Leitsatz
Bezieht ein Unternehmer Leistungen für ein Gebäude mit Wohn- und Gewerbeflächen, ist die Aufteilung der Vorsteuerbeträge durch den Unternehmer nach dem Verhältnis der Ausgangsumsätze als sachgerechte Schätzung i.S.v. § 15 Abs. 4 UStG anzuerkennen.
Normenkette
§ 15 Abs. 4 UStG , Art. 17 Abs. 5 6. EG-RL , Art. 19 6. EG-RL
Sachverhalt
Der Kläger ist Eigentümer eines bebauten Grundstücks, das er zum Teil steuerpflichtig und zum Teil steuerfrei vermietet. Nach dem Verhältnis der Raumvolumina entfielen 42 % des Gebäudes auf den steuerpflichtig vermieteten Gebäudeteil und 58 % auf den steuerfrei vermieteten Gebäudeteil. Die Nettomieten betrugen jeweils monatlich 2 000 DM für die steuerpflichtig und – unter Ansatz der ortsüblichen Miete – 300 DM für die steuerfrei vermietete Gebäudefläche.

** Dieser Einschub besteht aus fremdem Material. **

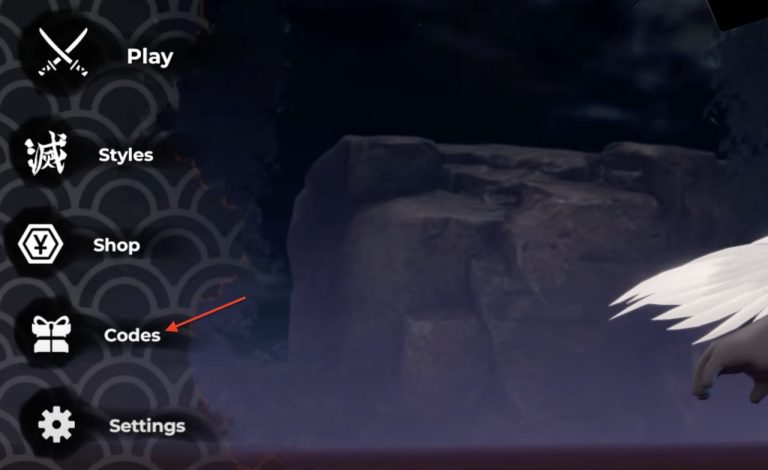 Image of the Codes section in Roblox Mugen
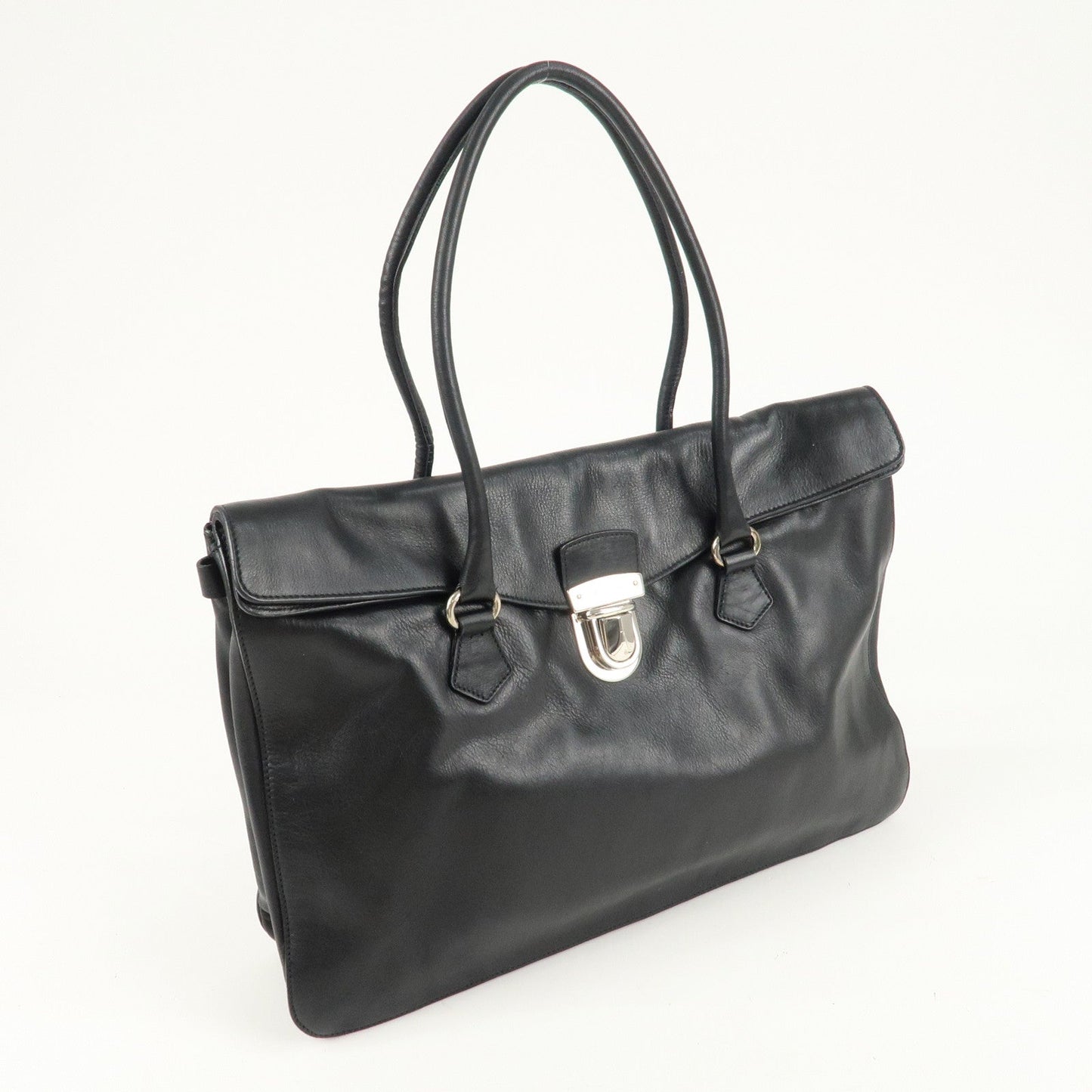 PRADA Leather Tote Bag Shoulder Bag Black Silver Hardware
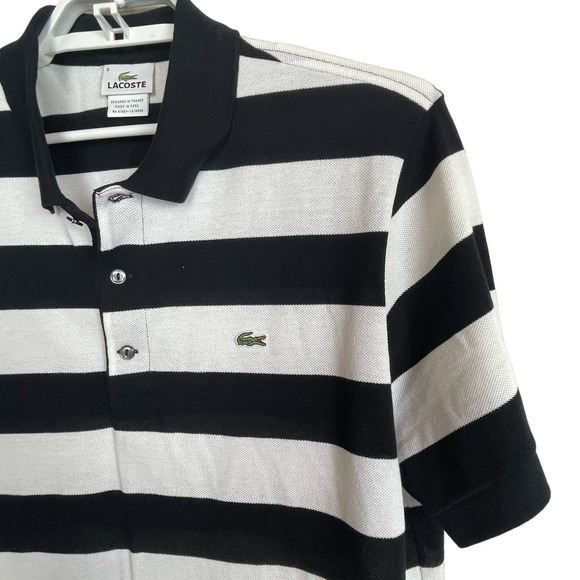 Lacoste Polo Shirt Black White Striped Men's Size L Euro 6  Alligator - Picture 2 of 7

Während das FA die aus Erhaltungsaufwendungen für das Gebäude angefallenen Vorsteuern nur zu 42 % zuließ, begehrt der Kläger einen Vorsteuerabzug nach dem Umsatzschlüssel.
Entscheidung
Der BFH hat die Aufteilung der Vorsteuerbeträge durch den Unternehmer nach dem Verhältnis der Ausgangsumsätze als sachgerechte Schätzung i.S.v. § 15 Abs. 4 UStG anerkannt. Insbesondere unter Hinweis auf Art. 17 Abs. 5 Unterabs. 1 und Art. 19 der 6. EG-RL sei der Umsatzschlüssel als Regelaufteilungsmaßstab anzusetzen. Hierbei sei unbeachtlich, ob der Unternehmer den Gegenstand angeschafft oder selbst hergestellt habe. Habe der Unternehmer aber einmal diesen Aufteilungsmaßstab gewählt, sei er auch für die nachfolgenden Besteuerungszeiträume – insbesondere im Hinblick auf § 15a UStG – der Besteuerung zugrunde zu legen.
Hinweis
Mit dem vorliegenden Urteil hat der BFH unter Aufgabe seiner bisherigen Rechtsprechung (vgl. BFH, Urteil vom 12.3.1992, V R 70/87, BStBl II 1992, 755) als Schätzmaßstab i.S.d. § 15 Abs. 4 UStG abweichend von der Aufteilung nach der Fläche auch eine Aufteilung nach dem Verhältnis der Ausgangsumsätze zugelassen.
Ansatzpunkt für diese neue Rechtsprechung ist Art. 17 Abs. 5 der 6. EG-RL, der als Regel-Aufteilungsmaßstab von einem Umsatzschlüssel ausgeht. Dies gilt im Übrigen ungeachtet der Frage, ob der Unternehmer den Gegenstand angeschafft oder hergestellt hat.
Beachten Sie aber bitte, dass der einmal gewählte Aufteilungsmaßstab vom Unternehmer auch in den nachfolgenden Veranlagungszeiträumen, auch in Bezug auf § 15 a UStG, zugrunde gelegt werden muss.
Noch nicht geklärt ist die Frage, ob der Umsatzschlüssel auch zu Lasten des Unternehmers angewendet werden kann. Der BFH hat in dem obigen Urteil eine richtlinienkonforme Auslegung vorgenommen und damit wohl den Anwendungsvorrang des Gemeinschaftsrechts verneint. Folge hieraus ist eine sachgerechte Schätzung grundsätzlich nur unter Beachtung des Umsatzschlüssels (ausführlich hierzu Birkenfeld, UStB 2001, 309).
Die Verwaltung hat bislang alleine bei Gebäudeanschaffungskosten durch Abschn. 208 Abs. 2 Satz 11 UStR 2000 die Aufteilung nach dem Verhältnis der Ertragswerte – also in letzter Konsequenz nach dem Umsatzschlüssel – als von der Fläche abweichende Aufteilungsmethode zugelassen. Diese Einschränkung dürfte durch das obige BFH-Urteil nunmehr überholt sein.